The new week in Asia saw some follow through from Friday’s poor showing in US equities and the brisk selloff of risk in the currency markets that accompanied it pushing the yen yet higher to start the week. With Asian equities faltering the yen was boosted by risk aversion and market chatter that Japanese exporters were aggressively buying the Japanese currency. Although volume seemed light with summer vacations in full swing, the USD/JPY lost almost 50 pips to touch lows near 85.70. EUR/JPY came close to hitting fresh eight week lows at 109.23, but fell short by a pip or two. The yen crosses lower theme saw lows of 75.95 in AUD/JPY, 82.05 in CAD/JPY, and 133.18 in the GBP/JPY. The Nikkei 225 was lower by almost 1% as the day wound down. A poor showing in Japanese GDP, which came in at 0.1% as opposed to the forecast of 0.6% cast a long shadow on the tone of the trade day.

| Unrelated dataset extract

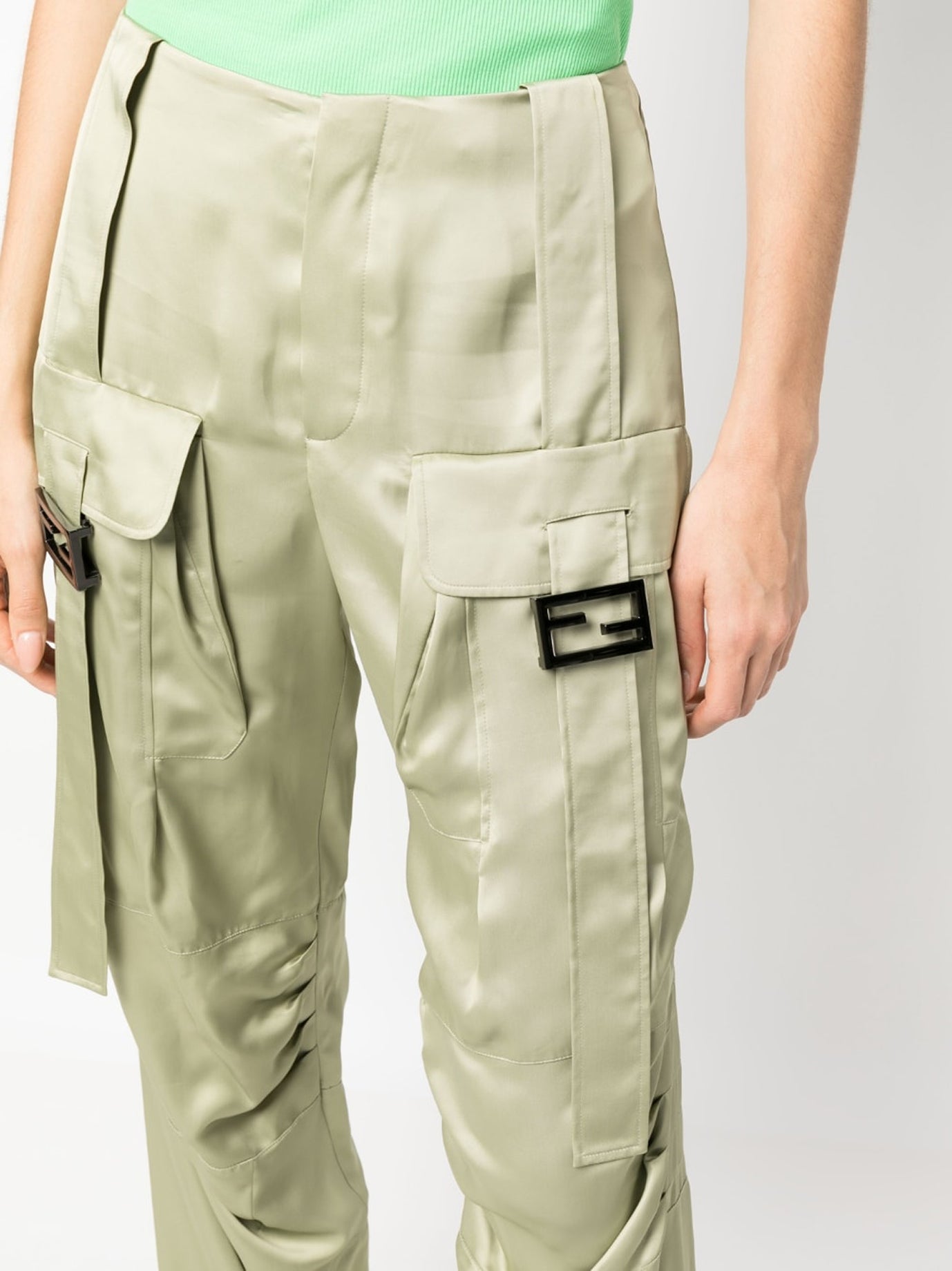 GREEN VISCOSE TROUSERS Fendi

After melting almost 3 big figures from Friday’s Asian session, the EUR/USD finally found a bottom today at 1.2732, a low water mark for the month of August. The low was reversed by mid day however as bargain hunters brought the European currency back to level near 1.2790. The GBP/USD saw a complete reversal from lows of 1.5535, as it approached fresh session highs over 1.5610 late in the day. A strong opening in Chinese equities to the tune of +1.0% helped to turn the risk sentiment around for the day. XAU/USD posted gains of almost $5 to register fresh August highs near $1219.50 per ounce.

Tomorrow the RBA monetary policy meeting minutes should spark some excitement into the markets early in the day followed by a speech by RBA Governor Stevens to close out the session.